March 26, 2010 / 12:07 AM / 9 years ago

A healthy diet may trim women's breast cancer risk

NEW YORK (Reuters Life!) - A woman can’t change her family history of breast cancer but she may be able to trim her chances of getting the disease by eating more vegetables and whole grains and drinking less alcohol, according to a new study.

A vendor eats her lunch at a vegetable stall at a market in Nanjing, Jiangsu province, December 11, 2008. REUTERS/Sean Yong

An analysis of 18 published studies involving 400,000 people conducted by Queen’s University Belfast in Northern Ireland found there was an 11 percent lower risk of breast cancer among women in the highest versus lower categories of a prudent diet.

Those consuming larger amounts of wine, beer and spirits had a 21 percent increased risk of breast cancer, according to the analysis published in the American Journal of Clinical Nutrition.

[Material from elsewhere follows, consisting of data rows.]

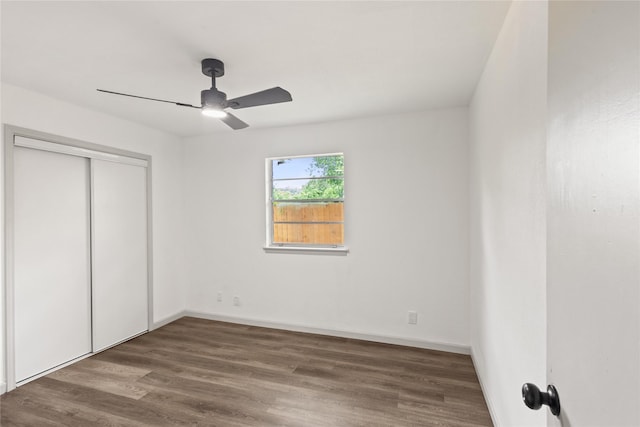 3812 David Ln, Forest Hill, TX 76119 - unfurnished bedroom with wood finished floors, a closet, baseboards, and a ceiling fan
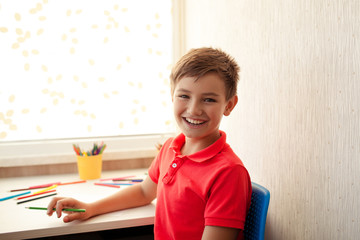 cute happy brunette 9-10 years old in red shirt drawing at home at table with colored pencils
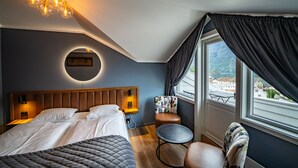 Habitación de hotel con cama, una mesa redonda, una silla, vistas al exterior y una lámpara en el techo.
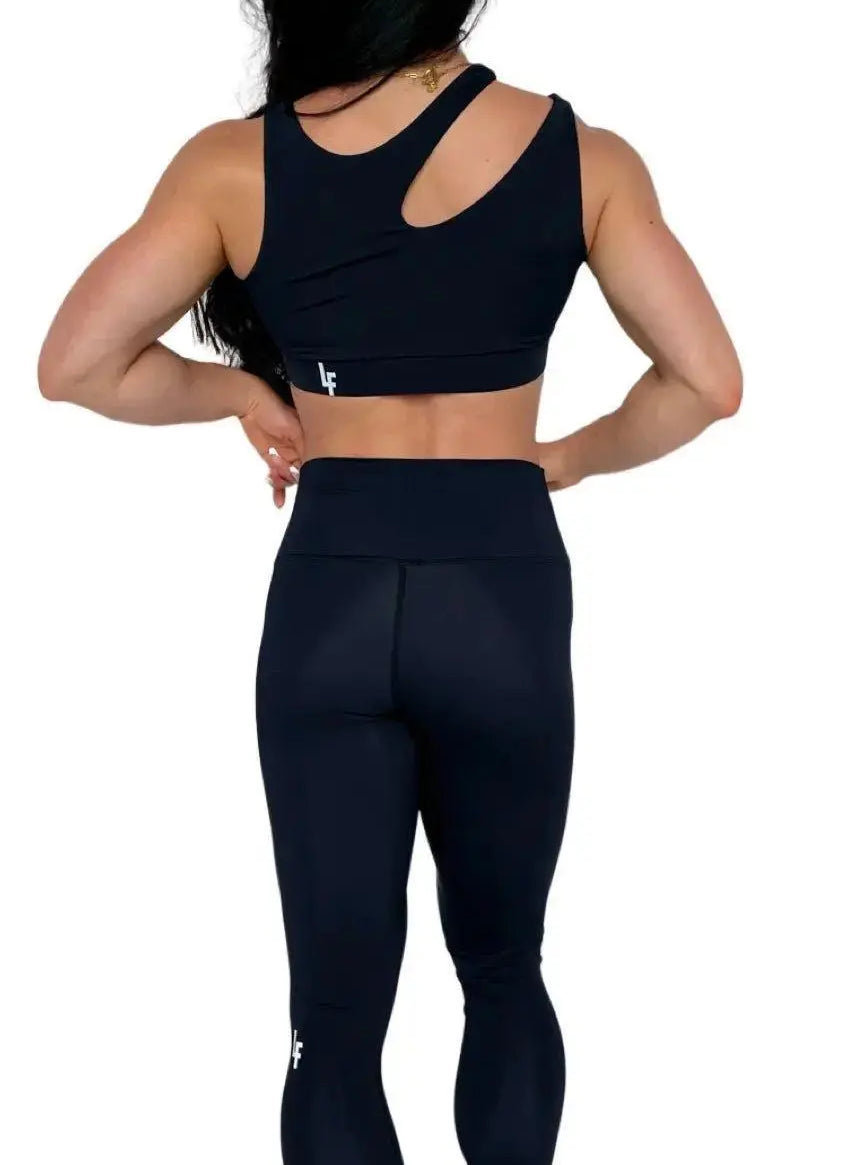 Mujer luciendo el top asimétrico Top Vanesa de LUXFEEL en color Negro, con un diseño de apertura en el hombro y soporte extra.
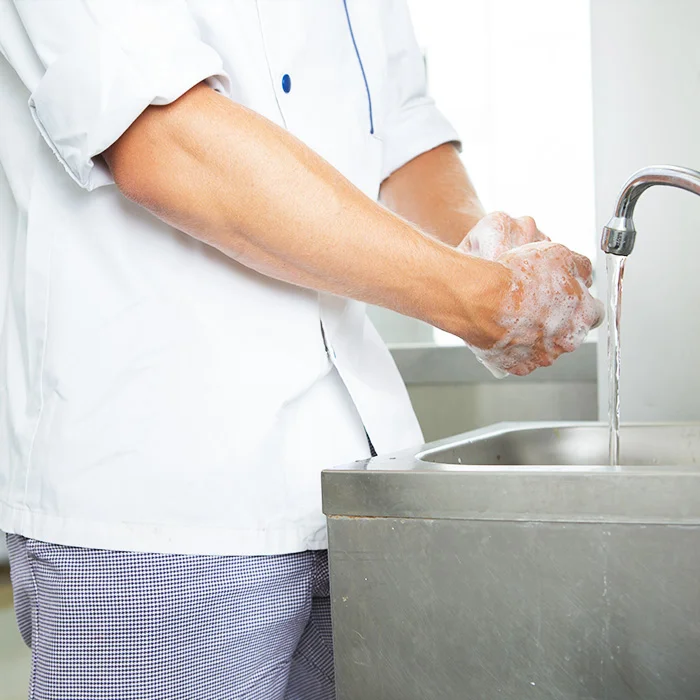 Chef washing hands before preparing meals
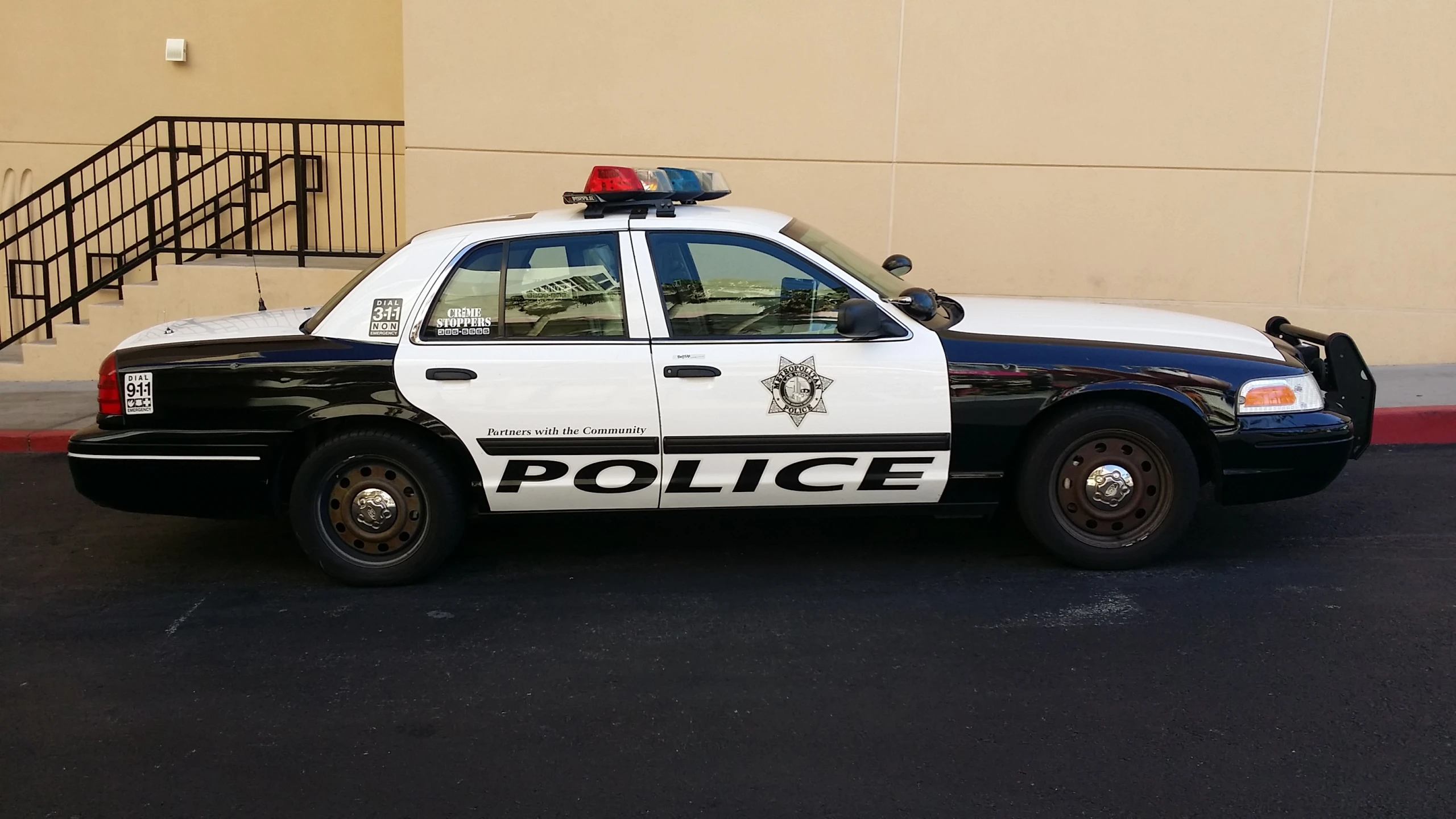 the police car is parked in front of a building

“As the incidence of breast cancer continues to rise, with many of the risk factors for the disease non-modifiable, potentially modifiable risk factors such as diet are of interest,” researcher Dr. Sarah Brennan told Reuters Health.

But Brennan said these findings had to be interpreted cautiously as there are inherent statistical problems in combining the results of multiple studies, in addition to the limitations of each included study, such as recall bias.

She pointed to the need for more carefully designed studies in the future to further examine the diet-breast cancer link.

It is estimated that more than 120 out of every 100,000 American women are diagnosed with breast cancer each year, yielding a lifetime risk of about 1 in 8.

The idea that diet might influence these numbers is not new but solid evidence for such a link has remained elusive with individual studies often too small to uncover modest relationships.

The studies used in the analysis each aimed to associate breast cancer risks with at least one common dietary pattern: the “unhealthy” Western diet (high in red meats and refined grains), a more prudent “healthy” diet (high in fruits, vegetables and whole grains), or varying levels of alcohol drinking.

No overall risk difference was seen between high and low categories of the Western diet.